The suit echoes criticism of the president by Republicans in Congress, who contend Obama has violated laws and ignored the Constitution in wielding unauthorized presidential powers. The Republican leadership in the House has scheduled a vote as early as today on a resolution to allow a lawsuit against the administration, focusing on Obama’s delay implementing the employer insurance mandate in the health-care law.
The administration came up with the fix to allow individuals to keep their policies after the rocky rollout of the health insurance exchanges left many people unable to buy new plans that complied with the act before their old ones expired.
Shifting that responsibility to the states violates provisions of the ACA and the constitutional limitations on the powers of the U.S. government, according to the complaint filed yesterday in federal court in Washington.
The Department of Health and Human Services “left the states solely responsible -- and accountable -- for deciding whether federal law would be enforced,” Morrisey said in the complaint. The president “cannot ignore a duly enacted federal law,” Morrisey wrote.

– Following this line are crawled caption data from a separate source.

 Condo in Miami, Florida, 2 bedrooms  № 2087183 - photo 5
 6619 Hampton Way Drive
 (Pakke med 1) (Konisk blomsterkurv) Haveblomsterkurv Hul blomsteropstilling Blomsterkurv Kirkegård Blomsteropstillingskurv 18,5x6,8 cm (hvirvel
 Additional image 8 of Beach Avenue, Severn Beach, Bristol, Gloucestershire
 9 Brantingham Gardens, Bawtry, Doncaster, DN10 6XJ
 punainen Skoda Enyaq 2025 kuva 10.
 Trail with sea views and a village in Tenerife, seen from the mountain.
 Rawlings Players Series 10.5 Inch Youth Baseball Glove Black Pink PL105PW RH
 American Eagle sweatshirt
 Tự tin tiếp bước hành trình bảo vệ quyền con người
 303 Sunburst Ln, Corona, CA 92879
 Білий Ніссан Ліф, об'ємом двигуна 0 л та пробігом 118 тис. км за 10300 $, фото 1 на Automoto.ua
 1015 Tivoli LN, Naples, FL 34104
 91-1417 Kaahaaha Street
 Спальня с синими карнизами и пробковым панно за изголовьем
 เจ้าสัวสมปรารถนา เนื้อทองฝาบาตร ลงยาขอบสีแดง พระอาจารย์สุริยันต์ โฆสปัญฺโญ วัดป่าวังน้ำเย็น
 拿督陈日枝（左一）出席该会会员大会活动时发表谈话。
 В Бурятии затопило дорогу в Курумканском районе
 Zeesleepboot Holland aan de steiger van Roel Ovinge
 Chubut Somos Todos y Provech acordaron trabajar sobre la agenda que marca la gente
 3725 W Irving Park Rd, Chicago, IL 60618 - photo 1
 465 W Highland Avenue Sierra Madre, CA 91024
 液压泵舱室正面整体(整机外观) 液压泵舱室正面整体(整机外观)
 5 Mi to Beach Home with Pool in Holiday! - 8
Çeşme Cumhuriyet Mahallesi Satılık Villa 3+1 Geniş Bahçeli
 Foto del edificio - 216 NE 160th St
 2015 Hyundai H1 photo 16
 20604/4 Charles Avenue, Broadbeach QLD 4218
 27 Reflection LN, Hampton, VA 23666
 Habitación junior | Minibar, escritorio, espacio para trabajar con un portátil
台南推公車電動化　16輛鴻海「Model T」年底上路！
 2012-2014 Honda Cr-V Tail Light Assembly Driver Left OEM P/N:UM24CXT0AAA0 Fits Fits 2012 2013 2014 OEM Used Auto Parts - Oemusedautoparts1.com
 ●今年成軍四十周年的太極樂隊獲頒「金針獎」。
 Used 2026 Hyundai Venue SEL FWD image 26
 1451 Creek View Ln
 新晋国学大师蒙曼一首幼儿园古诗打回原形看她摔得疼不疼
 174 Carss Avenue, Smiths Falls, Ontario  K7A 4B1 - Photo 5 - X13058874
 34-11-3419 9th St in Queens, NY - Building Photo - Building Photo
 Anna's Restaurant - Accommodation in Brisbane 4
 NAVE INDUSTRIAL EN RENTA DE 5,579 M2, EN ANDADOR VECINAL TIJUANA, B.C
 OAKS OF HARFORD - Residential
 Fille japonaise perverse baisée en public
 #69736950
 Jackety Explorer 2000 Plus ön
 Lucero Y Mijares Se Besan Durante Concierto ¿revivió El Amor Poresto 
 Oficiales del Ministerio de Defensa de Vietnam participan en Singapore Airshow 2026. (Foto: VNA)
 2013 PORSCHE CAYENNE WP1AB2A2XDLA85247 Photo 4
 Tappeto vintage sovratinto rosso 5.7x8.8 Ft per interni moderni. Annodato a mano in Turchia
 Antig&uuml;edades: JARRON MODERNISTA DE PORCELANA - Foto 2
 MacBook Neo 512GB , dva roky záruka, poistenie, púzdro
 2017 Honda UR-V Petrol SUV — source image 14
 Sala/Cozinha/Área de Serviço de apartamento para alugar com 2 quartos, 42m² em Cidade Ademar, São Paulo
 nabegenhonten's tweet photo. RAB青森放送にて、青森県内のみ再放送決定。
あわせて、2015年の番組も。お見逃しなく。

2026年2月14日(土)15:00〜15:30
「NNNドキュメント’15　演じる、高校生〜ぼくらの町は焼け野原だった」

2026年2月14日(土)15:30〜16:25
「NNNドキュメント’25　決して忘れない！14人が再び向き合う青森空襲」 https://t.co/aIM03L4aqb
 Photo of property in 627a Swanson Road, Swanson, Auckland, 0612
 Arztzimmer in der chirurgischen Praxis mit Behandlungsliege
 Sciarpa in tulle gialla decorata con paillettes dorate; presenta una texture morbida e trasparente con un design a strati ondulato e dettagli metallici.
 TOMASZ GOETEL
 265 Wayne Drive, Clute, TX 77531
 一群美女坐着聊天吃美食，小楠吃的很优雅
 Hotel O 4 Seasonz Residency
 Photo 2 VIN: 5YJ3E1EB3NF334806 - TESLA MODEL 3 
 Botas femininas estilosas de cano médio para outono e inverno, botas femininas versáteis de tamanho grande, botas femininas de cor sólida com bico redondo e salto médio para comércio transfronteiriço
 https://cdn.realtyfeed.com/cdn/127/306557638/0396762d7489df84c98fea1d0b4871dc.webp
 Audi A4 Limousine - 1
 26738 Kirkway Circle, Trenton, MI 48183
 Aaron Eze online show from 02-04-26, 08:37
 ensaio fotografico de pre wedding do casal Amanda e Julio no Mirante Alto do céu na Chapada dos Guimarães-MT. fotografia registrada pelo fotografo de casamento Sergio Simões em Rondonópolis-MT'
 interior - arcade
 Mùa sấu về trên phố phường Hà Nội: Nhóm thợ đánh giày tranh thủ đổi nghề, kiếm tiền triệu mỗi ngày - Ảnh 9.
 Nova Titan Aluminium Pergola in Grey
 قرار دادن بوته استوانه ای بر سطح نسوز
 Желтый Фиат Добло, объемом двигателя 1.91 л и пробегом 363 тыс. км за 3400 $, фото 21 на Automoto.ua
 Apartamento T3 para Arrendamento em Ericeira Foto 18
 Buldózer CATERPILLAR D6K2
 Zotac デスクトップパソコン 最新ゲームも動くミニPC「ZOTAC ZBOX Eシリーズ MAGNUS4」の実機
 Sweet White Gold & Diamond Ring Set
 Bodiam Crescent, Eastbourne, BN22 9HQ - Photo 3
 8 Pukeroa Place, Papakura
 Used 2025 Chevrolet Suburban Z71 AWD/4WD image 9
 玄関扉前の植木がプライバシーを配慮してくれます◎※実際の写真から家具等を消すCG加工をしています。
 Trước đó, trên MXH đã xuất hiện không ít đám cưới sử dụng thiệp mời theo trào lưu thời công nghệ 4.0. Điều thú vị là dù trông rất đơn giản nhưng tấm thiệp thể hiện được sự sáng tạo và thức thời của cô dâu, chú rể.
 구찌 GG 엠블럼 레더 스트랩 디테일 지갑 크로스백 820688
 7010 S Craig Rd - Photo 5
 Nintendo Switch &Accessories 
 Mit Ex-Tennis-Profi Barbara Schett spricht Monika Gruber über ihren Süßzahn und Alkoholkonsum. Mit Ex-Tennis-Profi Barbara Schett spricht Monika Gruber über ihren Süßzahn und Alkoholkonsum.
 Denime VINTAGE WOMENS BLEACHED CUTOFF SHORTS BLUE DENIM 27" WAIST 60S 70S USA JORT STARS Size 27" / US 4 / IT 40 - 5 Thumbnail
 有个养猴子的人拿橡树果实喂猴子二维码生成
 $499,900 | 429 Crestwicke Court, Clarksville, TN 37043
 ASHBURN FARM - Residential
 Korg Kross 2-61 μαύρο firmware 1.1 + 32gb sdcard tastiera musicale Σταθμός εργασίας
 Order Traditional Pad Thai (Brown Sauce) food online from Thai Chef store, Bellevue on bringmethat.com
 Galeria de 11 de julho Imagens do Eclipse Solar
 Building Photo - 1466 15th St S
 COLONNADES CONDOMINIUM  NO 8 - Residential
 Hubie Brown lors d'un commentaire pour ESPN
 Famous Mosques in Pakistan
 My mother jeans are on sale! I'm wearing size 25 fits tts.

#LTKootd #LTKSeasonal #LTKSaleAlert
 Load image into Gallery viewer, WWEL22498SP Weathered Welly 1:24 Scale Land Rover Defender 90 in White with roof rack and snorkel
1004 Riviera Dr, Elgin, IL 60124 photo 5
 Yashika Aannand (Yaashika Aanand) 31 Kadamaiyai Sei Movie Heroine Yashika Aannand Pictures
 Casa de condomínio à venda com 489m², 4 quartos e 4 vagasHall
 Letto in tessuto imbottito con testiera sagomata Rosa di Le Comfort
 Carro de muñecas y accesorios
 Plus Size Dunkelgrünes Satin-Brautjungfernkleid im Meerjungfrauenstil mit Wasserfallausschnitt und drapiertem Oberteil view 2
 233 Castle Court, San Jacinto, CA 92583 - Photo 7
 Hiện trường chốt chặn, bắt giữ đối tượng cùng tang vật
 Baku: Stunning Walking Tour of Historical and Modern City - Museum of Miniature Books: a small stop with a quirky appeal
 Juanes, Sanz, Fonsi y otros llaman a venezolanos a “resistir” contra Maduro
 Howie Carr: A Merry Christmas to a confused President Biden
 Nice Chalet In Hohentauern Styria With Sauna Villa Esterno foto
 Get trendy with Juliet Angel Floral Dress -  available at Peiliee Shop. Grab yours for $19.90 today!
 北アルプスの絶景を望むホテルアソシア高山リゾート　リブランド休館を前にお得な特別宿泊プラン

“It strikes me as very odd that a state regulator would be objecting to being allowed to exercise discretion by the federal government,” said Tim Jost, a professor of law at Washington and Lee University. “Normally, states regulate insurance. With the administrative fix, the administration said that it believed it was reasonable to phase certain ACA rules in, but state regulators retained control over their own insurance markets.”
As of the end of June, about 8 million people signed up for private health insurance plans using the Affordable Care Act’s exchanges, including 5.4 million who used the federal healthcare.gov system. Rules released last month seek to ensure that most of those customers are able to remain covered, as is common in employer-sponsored health plans.
Bill Hall, a spokesman for Health and Human Services, didn’t respond to a phone call seeking comment on the complaint.
Insurers and consumer advocates have been concerned the new rules may make renewals too complicated or force millions of people back to government websites. Under the proposal, 95 percent of customers who purchased plans through the federal website will be automatically renewed, unless they seek changes in their policy or their subsidies, according to the Department of Health and Human Services.
The initial administrative fix was announced in November. In March, the federal government again changed its regulation of Obamacare to give consumers and states more flexibility to decide on their health plans, insurers more time to sign up customers and taxpayers a chance to avoid more costs.
Under the change, Americans with health coverage that pre-dates Obamacare could stay on their plans for two more years, officials said.
Morrisey is asking the court to rule the administrative fix unlawful and to require the Department of Health and Human Services to work with Congress to address the millions of plans that Obamacare made illegal, according to the suit.
The case is West Virginia v. Department of Health and Human Services, 14-1287, U.S. District Court, District of Columbia (Washington).